Top of Data listing

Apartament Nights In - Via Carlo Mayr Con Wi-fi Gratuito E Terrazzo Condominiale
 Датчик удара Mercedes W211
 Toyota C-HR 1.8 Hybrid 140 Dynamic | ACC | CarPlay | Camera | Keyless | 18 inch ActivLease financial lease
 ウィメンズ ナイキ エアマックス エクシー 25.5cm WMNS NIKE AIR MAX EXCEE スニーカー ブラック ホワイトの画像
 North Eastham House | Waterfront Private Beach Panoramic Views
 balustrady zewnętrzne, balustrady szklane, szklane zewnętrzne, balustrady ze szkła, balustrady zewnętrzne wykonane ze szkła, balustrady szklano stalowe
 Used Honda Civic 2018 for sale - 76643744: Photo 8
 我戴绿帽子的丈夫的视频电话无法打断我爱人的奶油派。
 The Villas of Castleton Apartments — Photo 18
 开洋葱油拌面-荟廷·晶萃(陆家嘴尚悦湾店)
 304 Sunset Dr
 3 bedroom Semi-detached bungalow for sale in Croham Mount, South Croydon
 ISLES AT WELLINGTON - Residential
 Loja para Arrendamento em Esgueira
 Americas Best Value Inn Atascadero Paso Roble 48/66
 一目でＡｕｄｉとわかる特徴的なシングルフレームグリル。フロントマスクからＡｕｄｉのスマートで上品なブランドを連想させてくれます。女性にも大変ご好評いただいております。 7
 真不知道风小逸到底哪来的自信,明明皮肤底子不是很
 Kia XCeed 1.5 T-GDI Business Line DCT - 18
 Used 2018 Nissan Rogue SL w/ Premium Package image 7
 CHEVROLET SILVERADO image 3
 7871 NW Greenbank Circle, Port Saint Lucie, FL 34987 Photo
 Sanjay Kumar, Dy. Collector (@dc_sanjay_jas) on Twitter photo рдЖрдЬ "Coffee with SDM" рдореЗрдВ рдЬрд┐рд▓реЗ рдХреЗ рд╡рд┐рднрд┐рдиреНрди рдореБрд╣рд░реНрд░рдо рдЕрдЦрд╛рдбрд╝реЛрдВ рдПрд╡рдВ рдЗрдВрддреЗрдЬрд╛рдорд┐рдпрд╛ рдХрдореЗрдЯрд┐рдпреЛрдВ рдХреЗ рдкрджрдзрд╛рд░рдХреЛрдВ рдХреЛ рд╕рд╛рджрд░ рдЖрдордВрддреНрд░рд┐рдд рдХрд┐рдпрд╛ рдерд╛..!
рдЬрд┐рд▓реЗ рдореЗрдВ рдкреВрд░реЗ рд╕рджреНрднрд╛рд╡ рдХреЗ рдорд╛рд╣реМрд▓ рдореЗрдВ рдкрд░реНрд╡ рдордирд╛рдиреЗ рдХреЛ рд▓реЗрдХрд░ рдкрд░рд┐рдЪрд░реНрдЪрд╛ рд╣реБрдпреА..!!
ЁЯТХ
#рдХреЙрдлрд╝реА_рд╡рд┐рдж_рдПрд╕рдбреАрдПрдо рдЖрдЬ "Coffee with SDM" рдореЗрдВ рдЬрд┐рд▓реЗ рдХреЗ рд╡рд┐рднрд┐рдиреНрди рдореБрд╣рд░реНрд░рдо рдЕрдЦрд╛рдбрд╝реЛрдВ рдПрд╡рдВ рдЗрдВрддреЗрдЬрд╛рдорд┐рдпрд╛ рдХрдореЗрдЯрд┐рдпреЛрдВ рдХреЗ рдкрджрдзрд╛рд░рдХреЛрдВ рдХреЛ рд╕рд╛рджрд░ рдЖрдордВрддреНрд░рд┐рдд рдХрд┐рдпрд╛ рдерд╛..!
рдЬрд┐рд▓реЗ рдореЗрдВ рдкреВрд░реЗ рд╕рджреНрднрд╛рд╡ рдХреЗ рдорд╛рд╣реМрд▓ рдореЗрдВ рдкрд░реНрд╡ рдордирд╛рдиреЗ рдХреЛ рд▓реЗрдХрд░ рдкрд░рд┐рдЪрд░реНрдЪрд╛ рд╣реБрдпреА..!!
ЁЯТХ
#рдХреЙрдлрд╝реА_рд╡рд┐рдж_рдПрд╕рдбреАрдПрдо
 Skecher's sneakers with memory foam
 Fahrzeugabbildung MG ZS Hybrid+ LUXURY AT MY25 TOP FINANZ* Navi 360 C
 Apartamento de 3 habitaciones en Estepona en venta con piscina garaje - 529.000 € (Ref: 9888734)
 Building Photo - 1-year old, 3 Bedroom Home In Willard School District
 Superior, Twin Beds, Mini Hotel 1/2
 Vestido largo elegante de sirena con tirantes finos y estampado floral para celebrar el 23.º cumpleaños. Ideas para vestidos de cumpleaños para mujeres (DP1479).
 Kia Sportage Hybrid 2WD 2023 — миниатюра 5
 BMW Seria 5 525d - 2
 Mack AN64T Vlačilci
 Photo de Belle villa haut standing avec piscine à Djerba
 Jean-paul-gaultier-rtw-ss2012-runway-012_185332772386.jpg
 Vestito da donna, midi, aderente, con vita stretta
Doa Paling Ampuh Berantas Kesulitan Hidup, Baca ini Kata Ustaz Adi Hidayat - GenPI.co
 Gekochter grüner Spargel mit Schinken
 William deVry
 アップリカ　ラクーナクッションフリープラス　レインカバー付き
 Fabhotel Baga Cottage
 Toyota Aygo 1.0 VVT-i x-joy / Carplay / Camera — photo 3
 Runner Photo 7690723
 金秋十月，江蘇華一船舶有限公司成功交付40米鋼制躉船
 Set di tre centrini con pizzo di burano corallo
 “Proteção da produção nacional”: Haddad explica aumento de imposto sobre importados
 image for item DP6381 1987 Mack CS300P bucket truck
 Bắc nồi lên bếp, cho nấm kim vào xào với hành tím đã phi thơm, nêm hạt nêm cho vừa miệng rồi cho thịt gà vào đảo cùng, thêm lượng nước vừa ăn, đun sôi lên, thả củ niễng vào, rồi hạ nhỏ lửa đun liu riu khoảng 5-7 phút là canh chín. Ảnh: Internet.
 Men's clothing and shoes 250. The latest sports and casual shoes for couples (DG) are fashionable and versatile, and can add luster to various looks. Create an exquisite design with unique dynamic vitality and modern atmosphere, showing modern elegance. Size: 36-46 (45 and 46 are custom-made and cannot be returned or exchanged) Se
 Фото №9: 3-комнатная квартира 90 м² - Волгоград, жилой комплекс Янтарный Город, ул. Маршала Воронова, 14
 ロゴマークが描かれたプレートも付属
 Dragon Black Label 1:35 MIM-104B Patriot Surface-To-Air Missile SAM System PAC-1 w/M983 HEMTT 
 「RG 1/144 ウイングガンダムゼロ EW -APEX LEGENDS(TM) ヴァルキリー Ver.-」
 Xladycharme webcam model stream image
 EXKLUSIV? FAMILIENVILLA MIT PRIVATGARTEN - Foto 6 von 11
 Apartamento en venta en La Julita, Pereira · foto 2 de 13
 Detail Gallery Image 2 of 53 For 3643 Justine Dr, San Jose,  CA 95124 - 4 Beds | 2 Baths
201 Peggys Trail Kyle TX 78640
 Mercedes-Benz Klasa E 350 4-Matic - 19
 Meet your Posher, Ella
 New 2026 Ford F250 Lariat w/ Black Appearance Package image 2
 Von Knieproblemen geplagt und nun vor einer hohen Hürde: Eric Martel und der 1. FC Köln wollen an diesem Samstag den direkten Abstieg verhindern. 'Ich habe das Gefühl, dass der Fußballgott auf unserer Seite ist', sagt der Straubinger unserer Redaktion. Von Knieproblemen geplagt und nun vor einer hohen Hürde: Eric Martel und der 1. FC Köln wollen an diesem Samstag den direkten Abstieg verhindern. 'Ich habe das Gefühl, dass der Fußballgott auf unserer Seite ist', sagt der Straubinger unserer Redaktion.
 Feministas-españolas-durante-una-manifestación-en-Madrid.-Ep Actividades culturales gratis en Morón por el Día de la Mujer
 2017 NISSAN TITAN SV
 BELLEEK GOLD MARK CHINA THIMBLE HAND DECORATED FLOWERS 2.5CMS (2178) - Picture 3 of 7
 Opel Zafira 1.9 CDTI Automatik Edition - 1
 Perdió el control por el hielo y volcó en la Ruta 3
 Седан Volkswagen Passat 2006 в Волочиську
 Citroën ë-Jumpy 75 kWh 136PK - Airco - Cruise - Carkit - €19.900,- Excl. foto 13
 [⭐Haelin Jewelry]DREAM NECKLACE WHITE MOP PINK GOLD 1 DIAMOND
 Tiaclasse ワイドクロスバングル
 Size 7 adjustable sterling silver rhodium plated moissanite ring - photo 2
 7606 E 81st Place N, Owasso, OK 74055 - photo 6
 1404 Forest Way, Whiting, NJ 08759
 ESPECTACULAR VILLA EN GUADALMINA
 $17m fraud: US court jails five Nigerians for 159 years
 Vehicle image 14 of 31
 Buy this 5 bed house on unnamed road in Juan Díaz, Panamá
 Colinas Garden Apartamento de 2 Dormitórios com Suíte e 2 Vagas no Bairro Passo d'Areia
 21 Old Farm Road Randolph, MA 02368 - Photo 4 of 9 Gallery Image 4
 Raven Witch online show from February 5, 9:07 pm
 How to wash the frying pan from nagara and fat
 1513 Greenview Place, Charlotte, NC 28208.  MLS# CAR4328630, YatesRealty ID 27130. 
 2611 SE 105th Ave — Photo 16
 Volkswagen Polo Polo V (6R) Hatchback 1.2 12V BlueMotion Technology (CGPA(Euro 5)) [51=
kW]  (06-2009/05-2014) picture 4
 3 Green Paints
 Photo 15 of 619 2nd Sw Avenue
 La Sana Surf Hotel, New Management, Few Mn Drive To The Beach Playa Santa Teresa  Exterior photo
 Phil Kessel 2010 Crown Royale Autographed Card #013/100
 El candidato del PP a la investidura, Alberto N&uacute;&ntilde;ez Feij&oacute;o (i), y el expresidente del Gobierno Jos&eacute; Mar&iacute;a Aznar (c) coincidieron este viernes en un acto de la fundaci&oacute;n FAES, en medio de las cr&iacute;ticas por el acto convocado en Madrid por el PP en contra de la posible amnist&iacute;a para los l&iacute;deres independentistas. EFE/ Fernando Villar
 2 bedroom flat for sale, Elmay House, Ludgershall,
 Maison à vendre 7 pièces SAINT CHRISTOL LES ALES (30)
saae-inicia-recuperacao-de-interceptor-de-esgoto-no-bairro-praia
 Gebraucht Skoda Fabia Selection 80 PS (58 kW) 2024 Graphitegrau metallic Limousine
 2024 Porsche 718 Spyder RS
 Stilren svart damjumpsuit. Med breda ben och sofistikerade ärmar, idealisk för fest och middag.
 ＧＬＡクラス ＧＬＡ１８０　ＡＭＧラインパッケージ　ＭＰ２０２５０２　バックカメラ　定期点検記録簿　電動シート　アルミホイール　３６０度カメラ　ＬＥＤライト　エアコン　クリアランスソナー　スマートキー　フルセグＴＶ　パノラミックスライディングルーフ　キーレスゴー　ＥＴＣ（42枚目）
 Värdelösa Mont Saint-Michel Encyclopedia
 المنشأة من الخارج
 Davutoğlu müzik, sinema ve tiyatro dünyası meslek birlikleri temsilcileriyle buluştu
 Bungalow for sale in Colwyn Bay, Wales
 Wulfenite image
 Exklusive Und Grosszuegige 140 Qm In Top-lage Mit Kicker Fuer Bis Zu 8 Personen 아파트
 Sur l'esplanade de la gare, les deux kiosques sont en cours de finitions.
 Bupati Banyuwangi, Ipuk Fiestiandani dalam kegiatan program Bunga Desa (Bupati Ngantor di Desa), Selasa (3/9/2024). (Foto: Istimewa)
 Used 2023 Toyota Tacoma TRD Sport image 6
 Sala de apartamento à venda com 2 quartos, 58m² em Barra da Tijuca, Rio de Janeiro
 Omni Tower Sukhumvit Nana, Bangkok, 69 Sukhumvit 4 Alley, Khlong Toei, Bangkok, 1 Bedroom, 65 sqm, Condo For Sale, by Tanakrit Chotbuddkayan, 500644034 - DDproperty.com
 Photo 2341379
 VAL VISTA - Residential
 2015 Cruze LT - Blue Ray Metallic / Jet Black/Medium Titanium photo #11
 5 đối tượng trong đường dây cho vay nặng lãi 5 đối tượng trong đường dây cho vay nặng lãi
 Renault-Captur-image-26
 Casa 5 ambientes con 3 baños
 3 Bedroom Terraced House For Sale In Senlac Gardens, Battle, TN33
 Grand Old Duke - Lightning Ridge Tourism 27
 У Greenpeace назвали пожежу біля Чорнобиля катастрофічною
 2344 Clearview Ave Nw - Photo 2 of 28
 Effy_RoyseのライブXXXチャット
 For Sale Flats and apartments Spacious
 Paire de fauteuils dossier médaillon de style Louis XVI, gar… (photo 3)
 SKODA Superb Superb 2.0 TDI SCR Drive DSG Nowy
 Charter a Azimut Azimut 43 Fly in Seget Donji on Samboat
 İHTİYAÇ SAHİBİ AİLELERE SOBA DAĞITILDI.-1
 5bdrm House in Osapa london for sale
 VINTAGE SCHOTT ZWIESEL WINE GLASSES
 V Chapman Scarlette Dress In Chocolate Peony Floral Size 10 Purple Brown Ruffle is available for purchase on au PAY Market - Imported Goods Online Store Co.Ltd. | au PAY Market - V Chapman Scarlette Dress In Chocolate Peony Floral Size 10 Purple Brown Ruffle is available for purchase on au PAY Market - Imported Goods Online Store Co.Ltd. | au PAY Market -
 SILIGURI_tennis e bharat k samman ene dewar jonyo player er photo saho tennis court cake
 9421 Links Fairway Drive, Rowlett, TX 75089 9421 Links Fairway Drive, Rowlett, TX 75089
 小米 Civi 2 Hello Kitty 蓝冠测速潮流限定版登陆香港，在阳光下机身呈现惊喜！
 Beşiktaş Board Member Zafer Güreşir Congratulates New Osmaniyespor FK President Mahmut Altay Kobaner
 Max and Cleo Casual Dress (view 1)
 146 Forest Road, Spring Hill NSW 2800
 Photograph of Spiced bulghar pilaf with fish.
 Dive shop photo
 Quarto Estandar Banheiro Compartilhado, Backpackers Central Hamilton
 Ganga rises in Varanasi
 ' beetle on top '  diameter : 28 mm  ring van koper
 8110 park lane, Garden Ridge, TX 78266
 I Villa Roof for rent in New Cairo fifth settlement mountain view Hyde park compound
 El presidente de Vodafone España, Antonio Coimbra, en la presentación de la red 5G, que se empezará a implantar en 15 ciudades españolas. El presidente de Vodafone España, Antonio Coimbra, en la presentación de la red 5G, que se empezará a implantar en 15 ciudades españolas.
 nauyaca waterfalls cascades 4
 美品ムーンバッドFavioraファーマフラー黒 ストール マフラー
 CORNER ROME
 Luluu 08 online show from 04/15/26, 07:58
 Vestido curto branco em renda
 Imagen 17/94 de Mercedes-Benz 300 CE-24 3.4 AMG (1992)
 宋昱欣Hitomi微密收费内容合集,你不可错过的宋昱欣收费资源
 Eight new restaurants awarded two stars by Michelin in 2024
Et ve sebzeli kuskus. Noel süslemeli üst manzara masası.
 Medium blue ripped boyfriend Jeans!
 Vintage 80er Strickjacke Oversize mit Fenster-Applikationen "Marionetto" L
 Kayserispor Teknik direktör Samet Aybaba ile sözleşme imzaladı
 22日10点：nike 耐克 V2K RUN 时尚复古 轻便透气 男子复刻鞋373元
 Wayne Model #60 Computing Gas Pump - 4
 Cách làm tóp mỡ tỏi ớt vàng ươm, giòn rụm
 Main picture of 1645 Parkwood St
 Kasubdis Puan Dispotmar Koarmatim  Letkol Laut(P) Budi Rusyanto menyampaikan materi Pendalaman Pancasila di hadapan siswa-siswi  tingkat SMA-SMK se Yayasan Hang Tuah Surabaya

Bottom of Data listing

Considering only the material above, set down every line from the one with "Sanjay Kumar, Dy." to the one with "image for item", inclusive, exactly as written.

 Sanjay Kumar, Dy. Collector (@dc_sanjay_jas) on Twitter photo рдЖрдЬ "Coffee with SDM" рдореЗрдВ рдЬрд┐рд▓реЗ рдХреЗ рд╡рд┐рднрд┐рдиреНрди рдореБрд╣рд░реНрд░рдо рдЕрдЦрд╛рдбрд╝реЛрдВ рдПрд╡рдВ рдЗрдВрддреЗрдЬрд╛рдорд┐рдпрд╛ рдХрдореЗрдЯрд┐рдпреЛрдВ рдХреЗ рдкрджрдзрд╛рд░рдХреЛрдВ рдХреЛ рд╕рд╛рджрд░ рдЖрдордВрддреНрд░рд┐рдд рдХрд┐рдпрд╛ рдерд╛..!
рдЬрд┐рд▓реЗ рдореЗрдВ рдкреВрд░реЗ рд╕рджреНрднрд╛рд╡ рдХреЗ рдорд╛рд╣реМрд▓ рдореЗрдВ рдкрд░реНрд╡ рдордирд╛рдиреЗ рдХреЛ рд▓реЗрдХрд░ рдкрд░рд┐рдЪрд░реНрдЪрд╛ рд╣реБрдпреА..!!
ЁЯТХ
#рдХреЙрдлрд╝реА_рд╡рд┐рдж_рдПрд╕рдбреАрдПрдо рдЖрдЬ "Coffee with SDM" рдореЗрдВ рдЬрд┐рд▓реЗ рдХреЗ рд╡рд┐рднрд┐рдиреНрди рдореБрд╣рд░реНрд░рдо рдЕрдЦрд╛рдбрд╝реЛрдВ рдПрд╡рдВ рдЗрдВрддреЗрдЬрд╛рдорд┐рдпрд╛ рдХрдореЗрдЯрд┐рдпреЛрдВ рдХреЗ рдкрджрдзрд╛рд░рдХреЛрдВ рдХреЛ рд╕рд╛рджрд░ рдЖрдордВрддреНрд░рд┐рдд рдХрд┐рдпрд╛ рдерд╛..!
рдЬрд┐рд▓реЗ рдореЗрдВ рдкреВрд░реЗ рд╕рджреНрднрд╛рд╡ рдХреЗ рдорд╛рд╣реМрд▓ рдореЗрдВ рдкрд░реНрд╡ рдордирд╛рдиреЗ рдХреЛ рд▓реЗрдХрд░ рдкрд░рд┐рдЪрд░реНрдЪрд╛ рд╣реБрдпреА..!!
ЁЯТХ
#рдХреЙрдлрд╝реА_рд╡рд┐рдж_рдПрд╕рдбреАрдПрдо
 Skecher's sneakers with memory foam
 Fahrzeugabbildung MG ZS Hybrid+ LUXURY AT MY25 TOP FINANZ* Navi 360 C
 Apartamento de 3 habitaciones en Estepona en venta con piscina garaje - 529.000 € (Ref: 9888734)
 Building Photo - 1-year old, 3 Bedroom Home In Willard School District
 Superior, Twin Beds, Mini Hotel 1/2
 Vestido largo elegante de sirena con tirantes finos y estampado floral para celebrar el 23.º cumpleaños. Ideas para vestidos de cumpleaños para mujeres (DP1479).
 Kia Sportage Hybrid 2WD 2023 — миниатюра 5
 BMW Seria 5 525d - 2
 Mack AN64T Vlačilci
 Photo de Belle villa haut standing avec piscine à Djerba
 Jean-paul-gaultier-rtw-ss2012-runway-012_185332772386.jpg
 Vestito da donna, midi, aderente, con vita stretta
Doa Paling Ampuh Berantas Kesulitan Hidup, Baca ini Kata Ustaz Adi Hidayat - GenPI.co
 Gekochter grüner Spargel mit Schinken
 William deVry
 アップリカ　ラクーナクッションフリープラス　レインカバー付き
 Fabhotel Baga Cottage
 Toyota Aygo 1.0 VVT-i x-joy / Carplay / Camera — photo 3
 Runner Photo 7690723
 金秋十月，江蘇華一船舶有限公司成功交付40米鋼制躉船
 Set di tre centrini con pizzo di burano corallo
 “Proteção da produção nacional”: Haddad explica aumento de imposto sobre importados
 image for item DP6381 1987 Mack CS300P bucket truck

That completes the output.